** Opening Supplied material block **
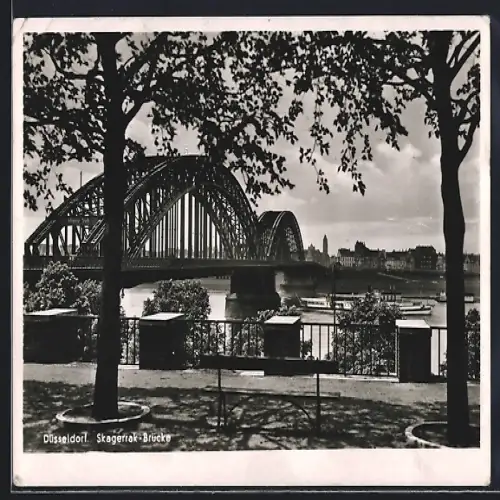 AK Düsseldorf, Skagerrak-Brücke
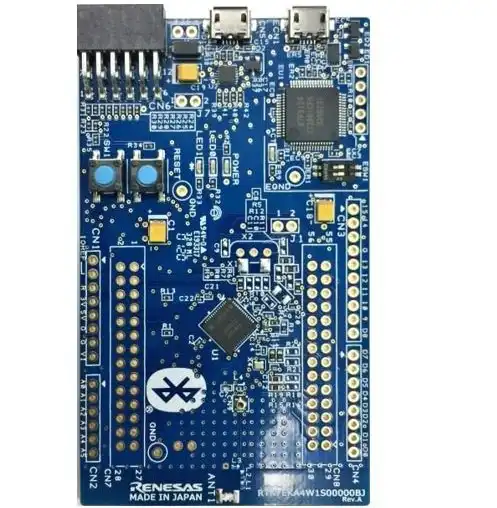 A picture of the RA4W1 Evaluation Kit board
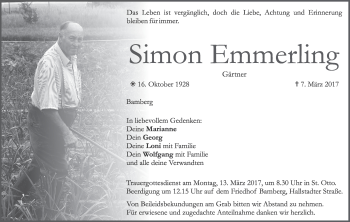 Anzeige von Simon Emmerling von MGO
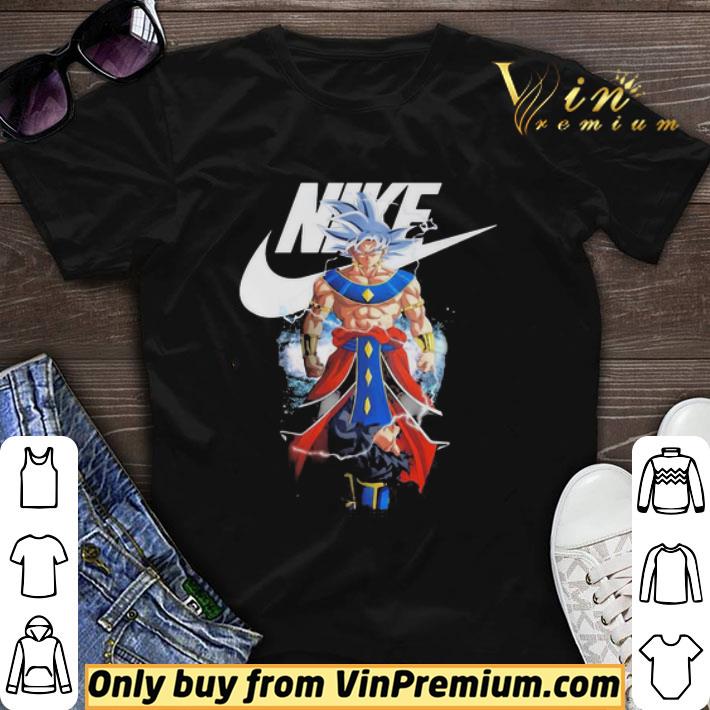 Dragon ball 7 songoku nike logo shirt sweater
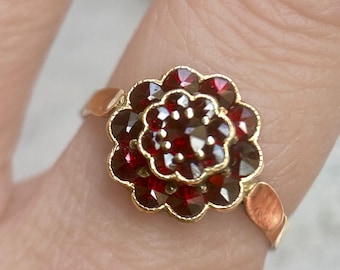 Antique Bohemian Garnet Ring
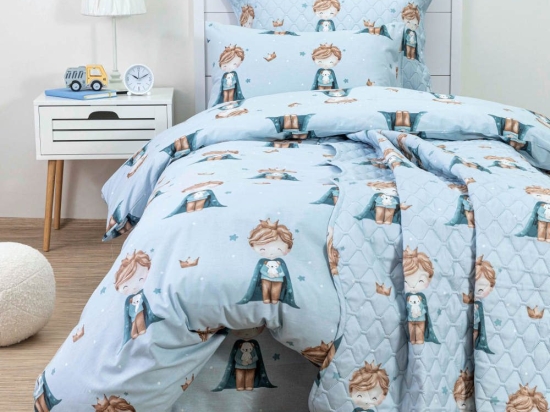 Borea Παπλωματοθήκη Little King Μονή 160 x 240 cm Πετρόλ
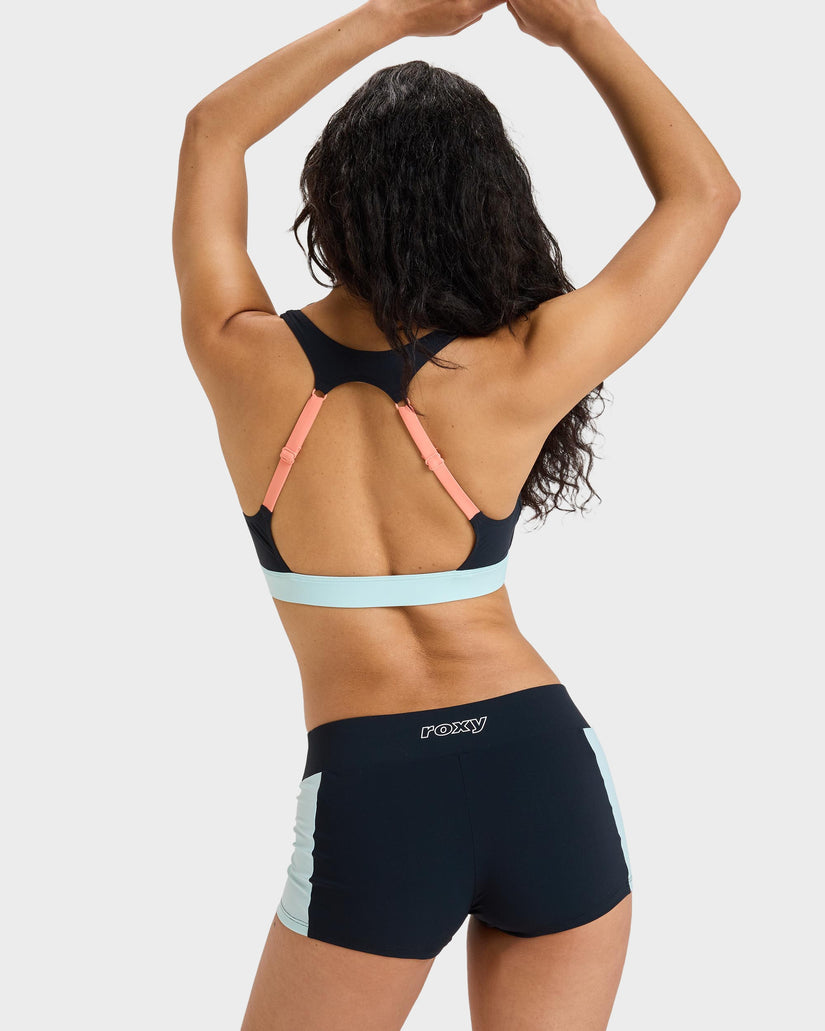 Womens Roxy Active Colorblock Shorty Bikini Bottom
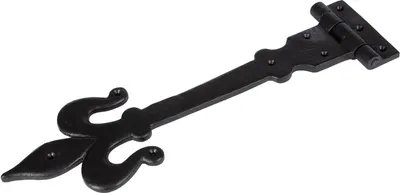 Produktbild von Fleur de lis T-Scharnier Gusseisen Antike Inneneinrichtung W405mm Schwarz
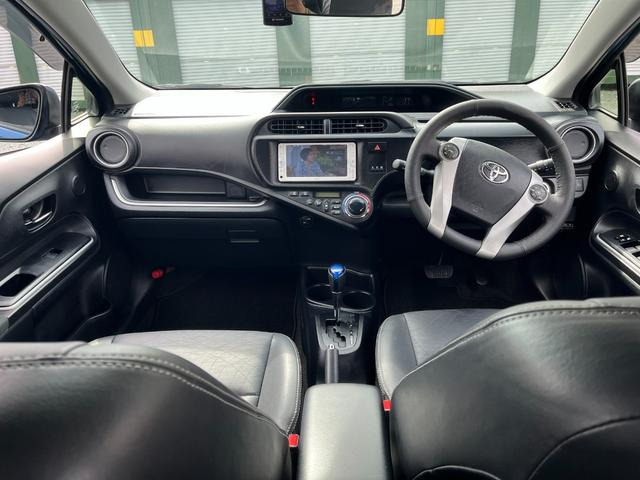 アクア1.5 G ブラックソフトレザーセレクション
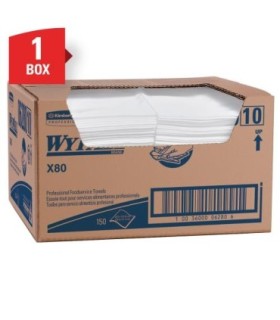 Wypall X80 Foodservice Towels (06280)  White, 1 Box, 150 Sheets 1/Cs/150, Pricecs - 6280 -  - [unit price]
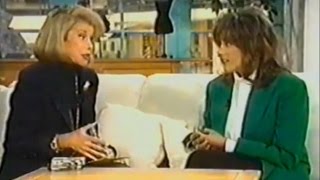 Laura Branigan - Interview [cc] and It's Been Hard Enough - Can We Shop? with Joan Rivers (1994)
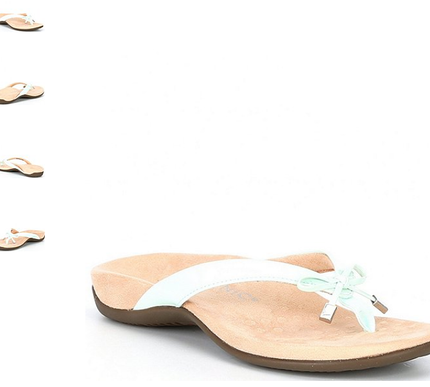 Vionic Bella Seafoam Toe-Post Sandal Flip Flop Women's sizes 5-12 NEW!!!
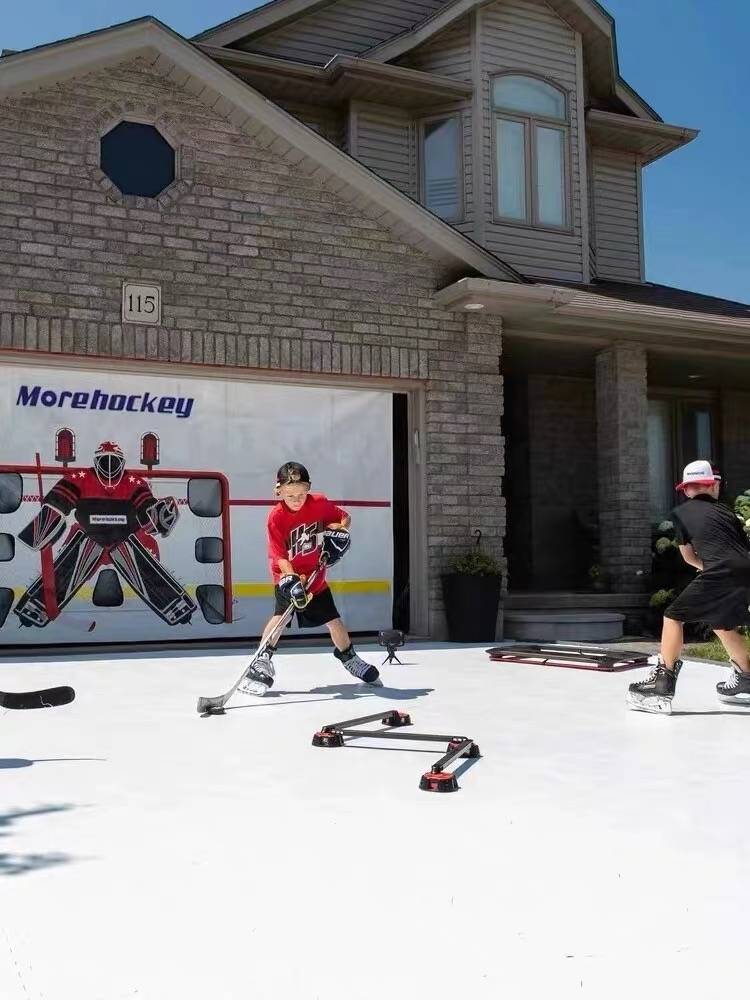 Simulation Iceboard ice hockey training board can be used on ice shoe ice brick house skating rink training shooting padding board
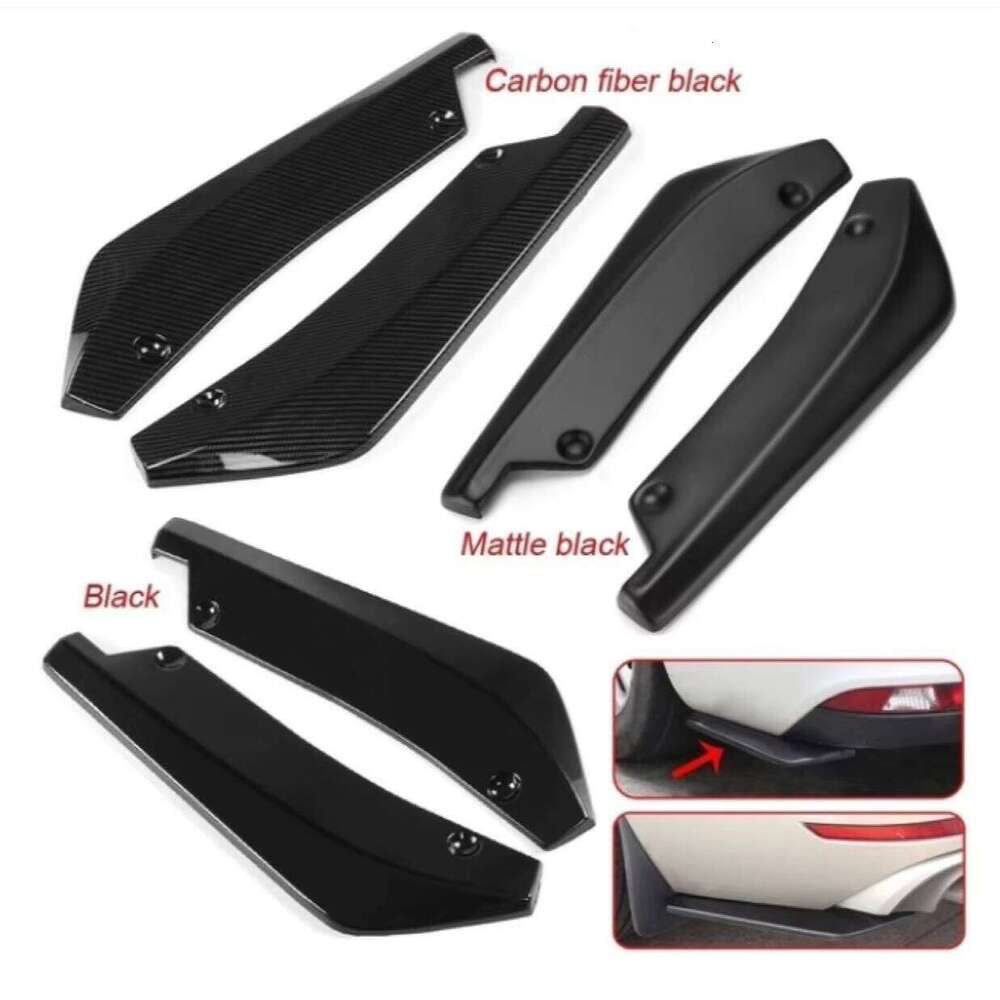 Direct Supply Manufacturer ABS Material Rear Corner Carbon Fiber Spoiler Modification Parts Car for Cross-Border E-commerce-NO03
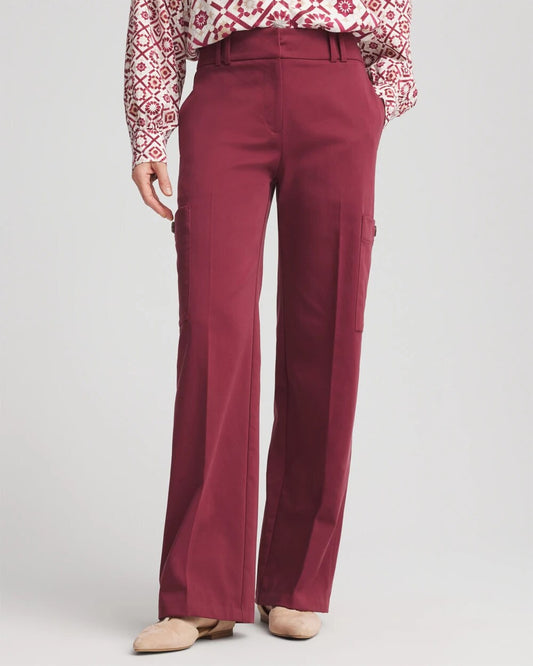 Chico's Sateen Cargo Pants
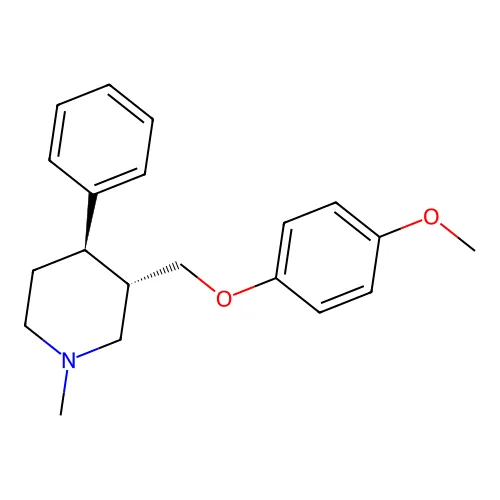 (3S,4R)-3-[(4-甲氧基苯氧基)甲基]-1-甲基-4-苯基哌啶 structure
** Closing Supplied material block **
§ **What the task requires**
All lines from the start of the entries through the one with "Borea Παπλωματοθήκη Little" are to be output exactly; omit the pictures.

§ **Your response**
 AK Düsseldorf, Skagerrak-Brücke
 A picture of the RA4W1 Evaluation Kit board
 Anzeige von Simon Emmerling von MGO
 Dragon ball 7 songoku nike logo shirt sweater
 Antique Bohemian Garnet Ring
 Borea Παπλωματοθήκη Little King Μονή 160 x 240 cm Πετρόλ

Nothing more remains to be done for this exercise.